Scritto e diretto da Shahram Mokri, è costituito da un unico piano sequenza di 123 minuti. Nonostante ciò, il film non è narrato in modo sequenziale, ma circolare. La macchina da presa segue di volta in volta i vari personaggi che si incrociano. In questo modo, alcune scene le vediamo più volte e sono nell’ultima sequenza veniamo a capo del mistero alla base del film.
Il regista, dopo due settimane di prove, ha girato due ciak e alla fine ha scelto la mega sequenza migliore.
Esperimento coraggioso e sicuramente interessante, ma un po’ troppo lungo nei tempi e in alcuni dialoghi.
Un’ultima considerazione: ma perché in qualsiasi film iraniano bisogna per forza trovare un messaggio politico?
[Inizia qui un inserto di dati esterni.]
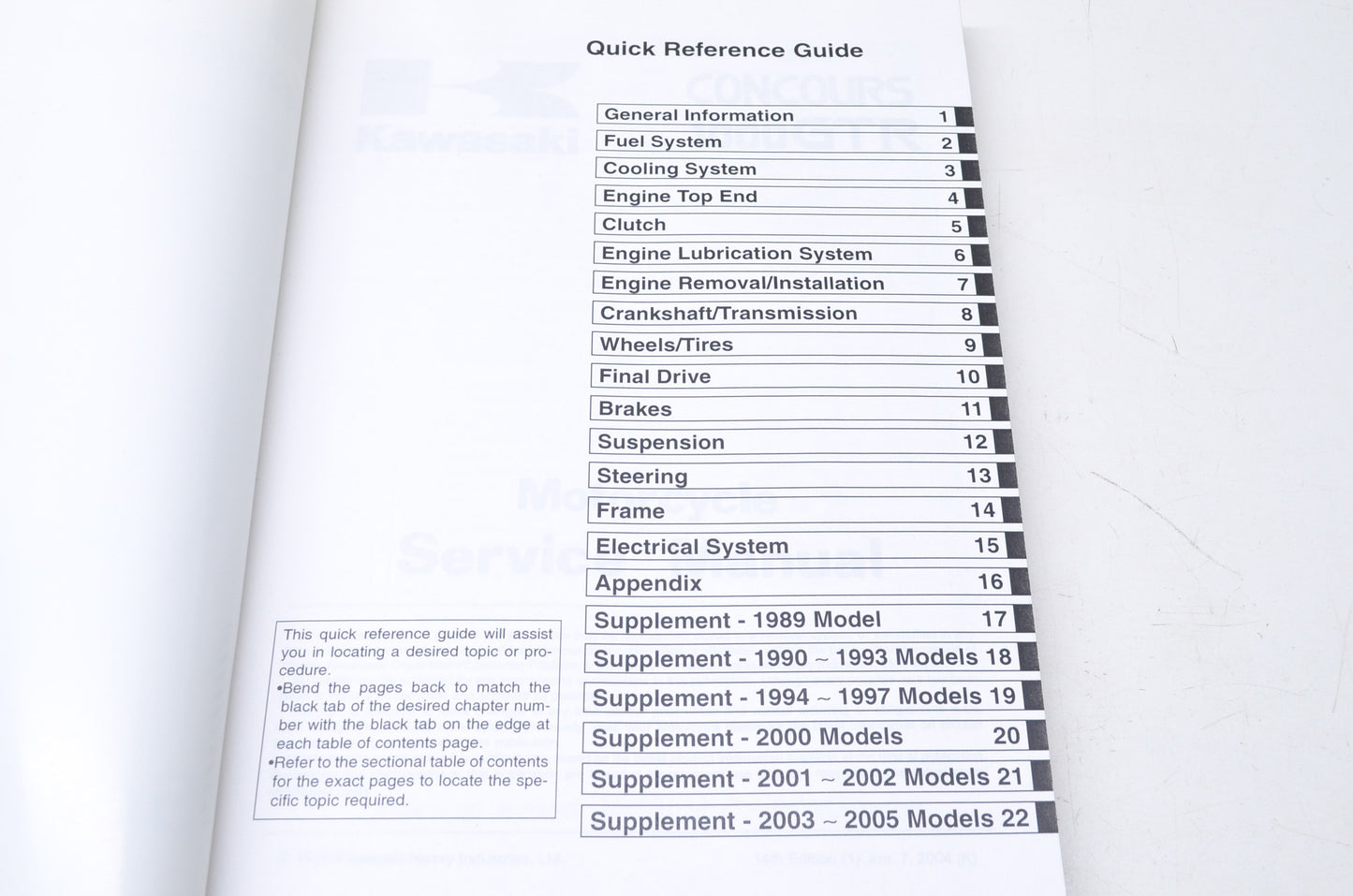 OEM Kawasaki 99924-1065-14 Service Manual ZG1000A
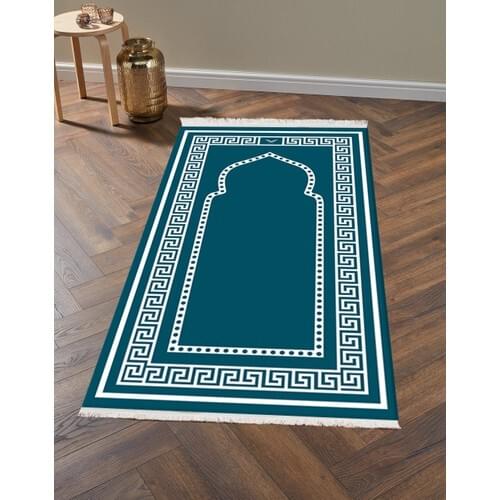 MarkaEv Blue White Color Prayer Rug Prayer Cover Islamic Muslims For Prayer Cover Namazda Kullanılacak Slip-Resistant Prayer Cover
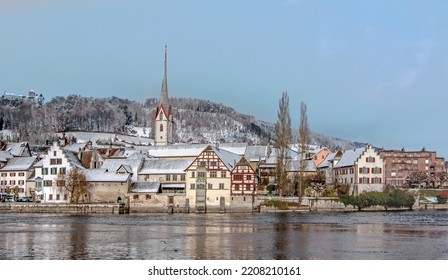Stein am Rhein with St. Georgen Monastery and Hohenklingen Castle - Shutterstock ID 2208210161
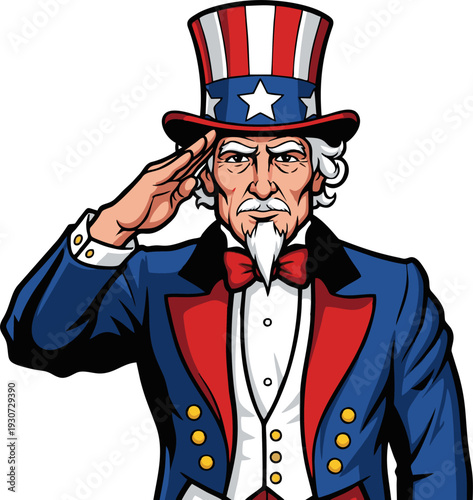 Uncle Sam Saluting in Patriotic Attire with Top Hat and Bow Tie.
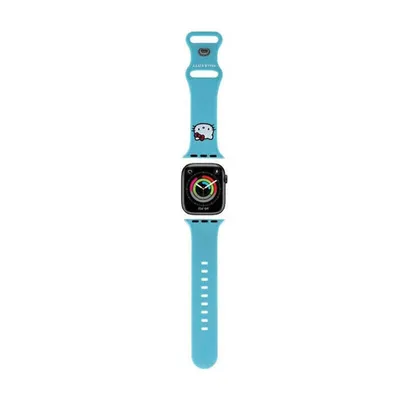 Zdjęcie produktu dla Hello Kitty Pasek HKAWMSCHBLB Apple Watch 38/40/41mm niebieski/blue strap Silicone Kitty Head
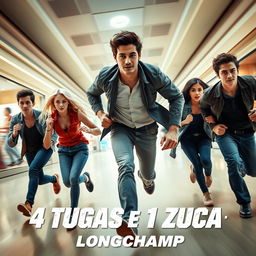 An action movie poster for '4 Tugas e 1 Zuca: Longchamp' featuring a thrilling scene of five characters running through the vibrant interior of a shopping mall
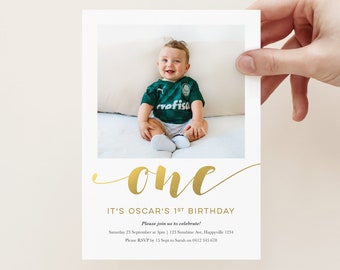 Gold Foil Boys 1st Birthday Invitation With Photo, Digital File Boy's First Birthday Invitation In Gold And Blue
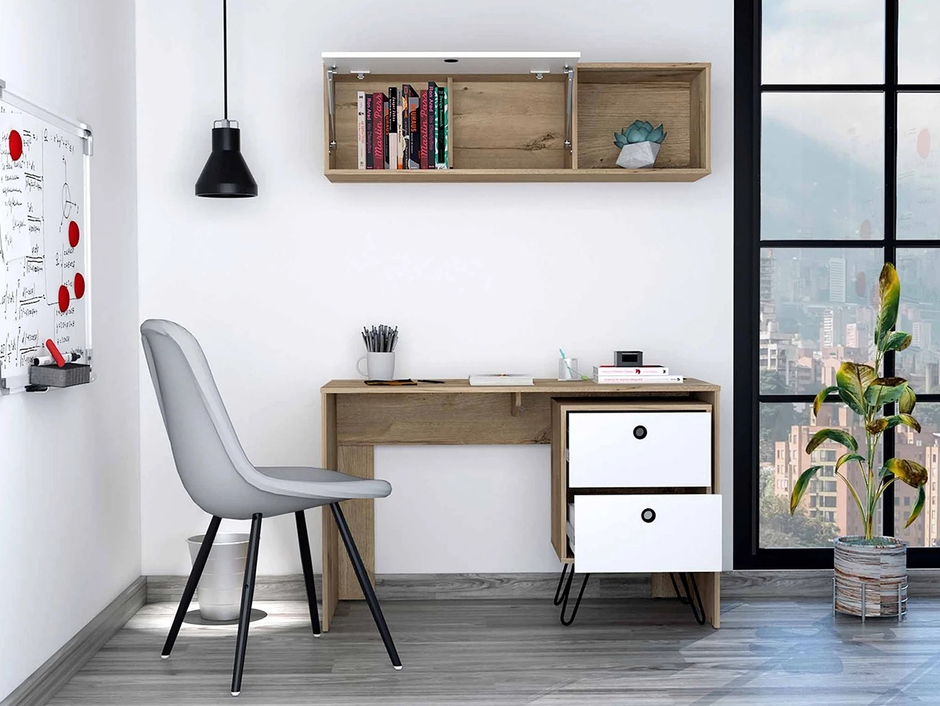 FM FURNITURE Cartagena Office Set: Desk surface 47.6" W x 19.6" D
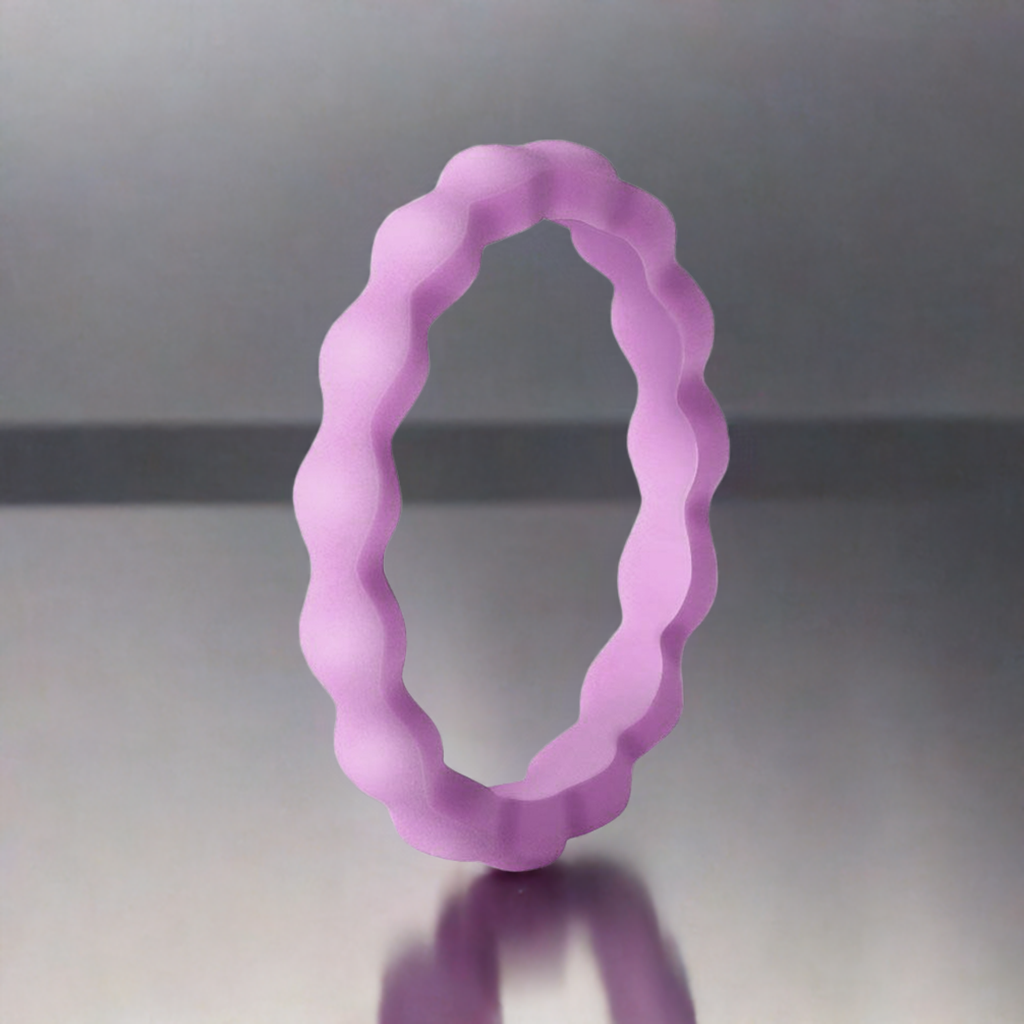 Best Wavy Purple Stackable Silicone Rings For Women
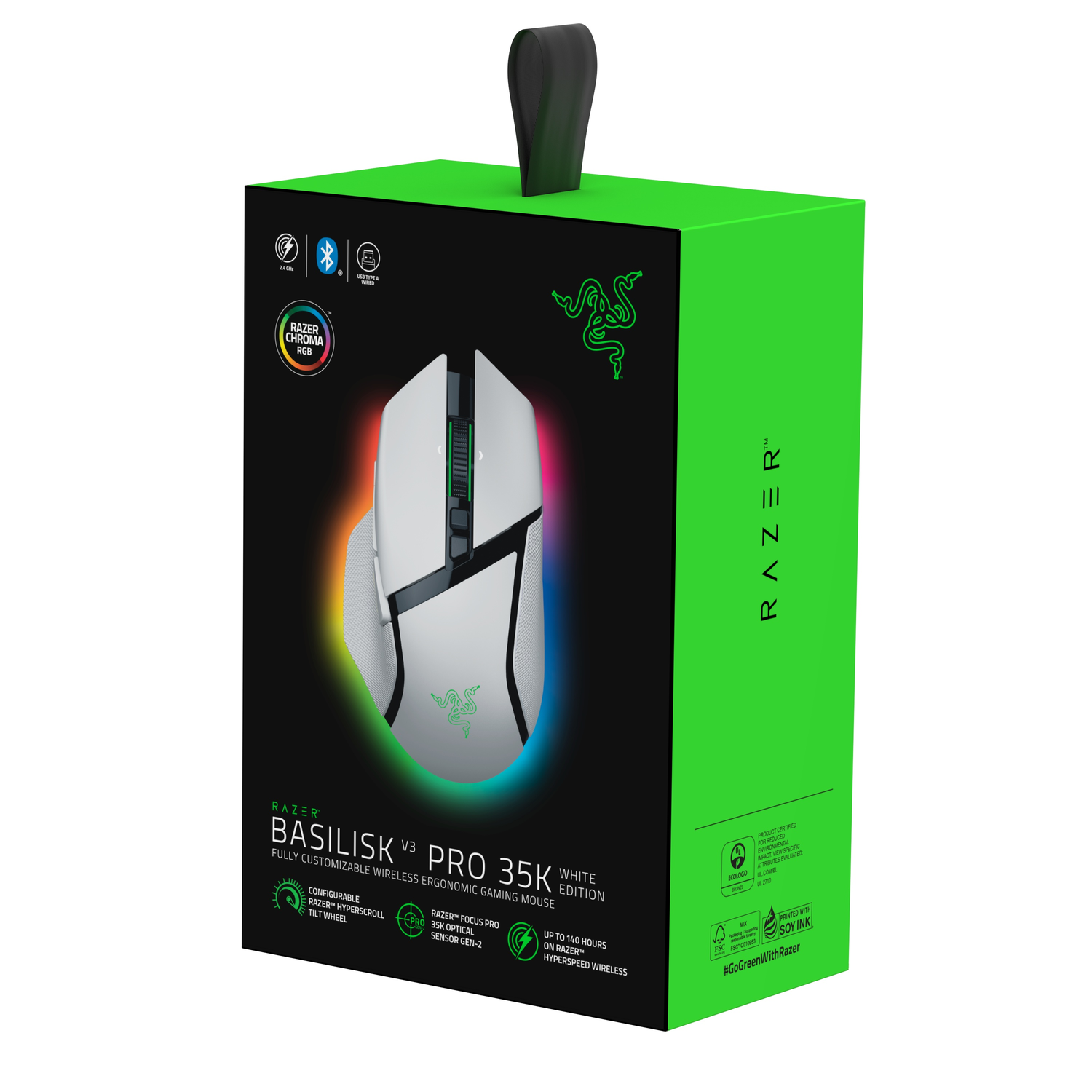 Een witte Razer Basilisk V3 Pro gaming muis wordt getoond in de groene doos. De doos heeft tekst.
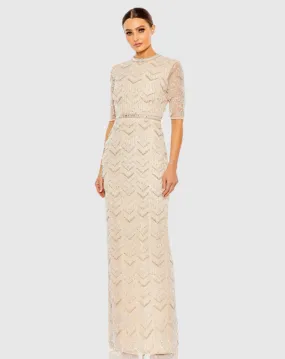 Beaded Fringe Quarter Sleeve Column Gown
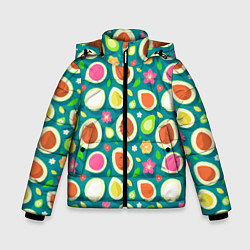 Куртка зимняя для мальчика Текстура авокадо и цветы, цвет: 3D-черный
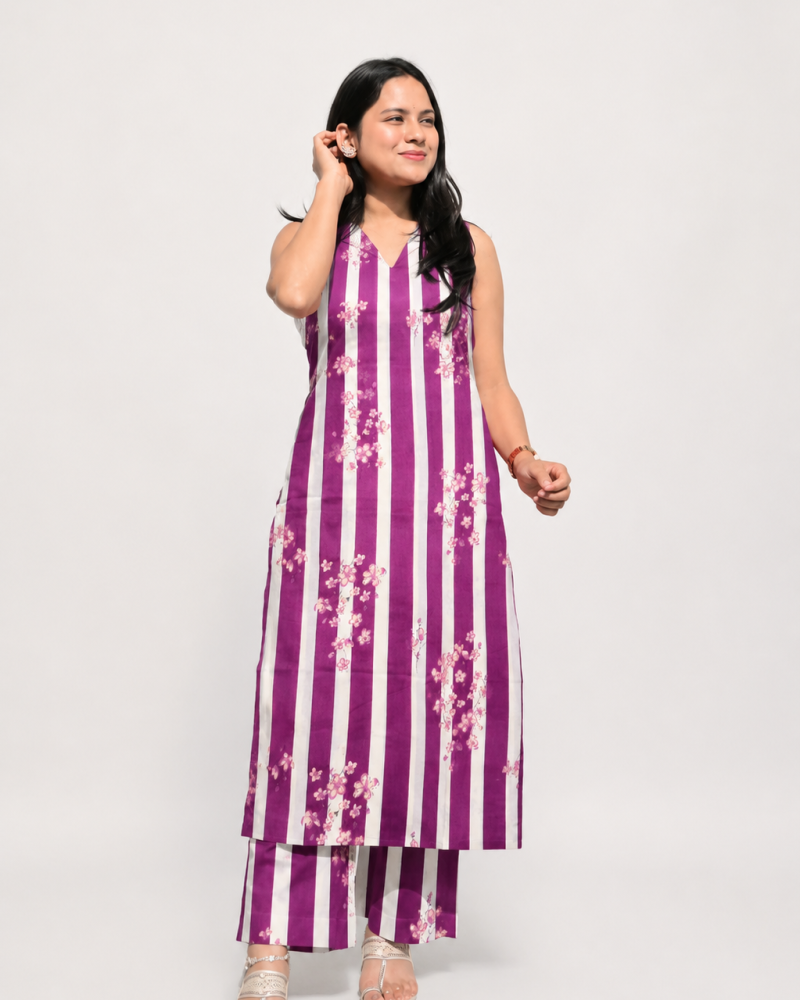PURPLE LINING FLOWER BOOTA KURTA BOTTOM SET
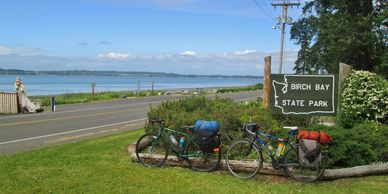 Birch bay state park sign overlooking the bay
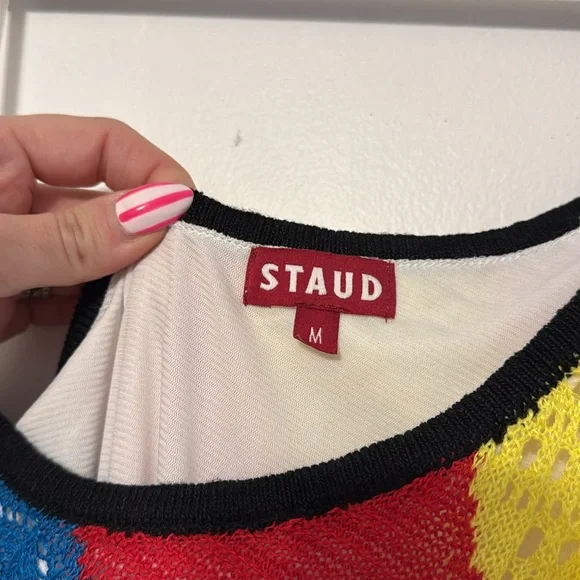 Staud Alpes One Shoulder Cutout Rainbow Crochet Knit Dress - Picture 5 of 10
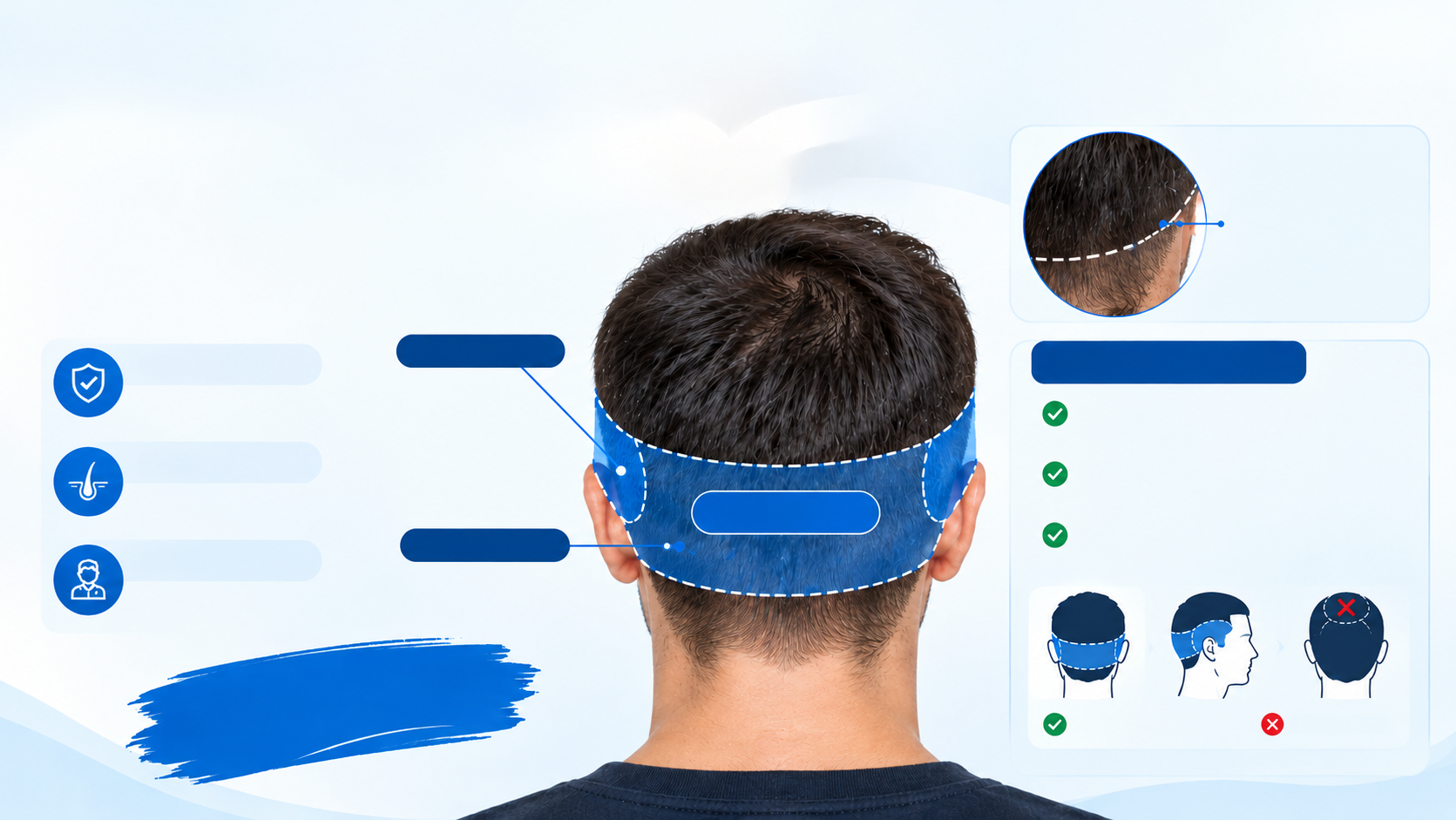Safe donor area on the scalp showing DHT-resistant occipital and parietal zones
La recensione di My Movies si conclude così:
«Una riuscita e coraggiosa metafora di un Paese che fagocita i propri giovani, che li priva di un qualsiasi futuro, tarpandone le ali».
Sarà. Ma a me sembra un po’ una forzatura.
Mahi Va Gorbeh (Fish & Cat) di Shahram Mokri – Iran, 134′
v.o. farsi – s/t inglese, italiano
Babak Karimi, Saeed Ebrahimi Far, Abed Abes
Note del regista
Mahi va gorbeh è un film sul tempo, su come creare una prospettiva all’interno del tempo e, dunque, su come sconvolgere il tempo. Ciò che mi ha affascinato nel fare questo film è lo stile della sua realizzazione: l’insistenza su uno stile narrativo entro i confini della ripresa unica e il tentativo di immettere, in quell’unica ripresa, fessure temporali. Ho scelto di raccontare una storia vera, una storia vera che, tuttavia, assomiglia a un incubo irreale.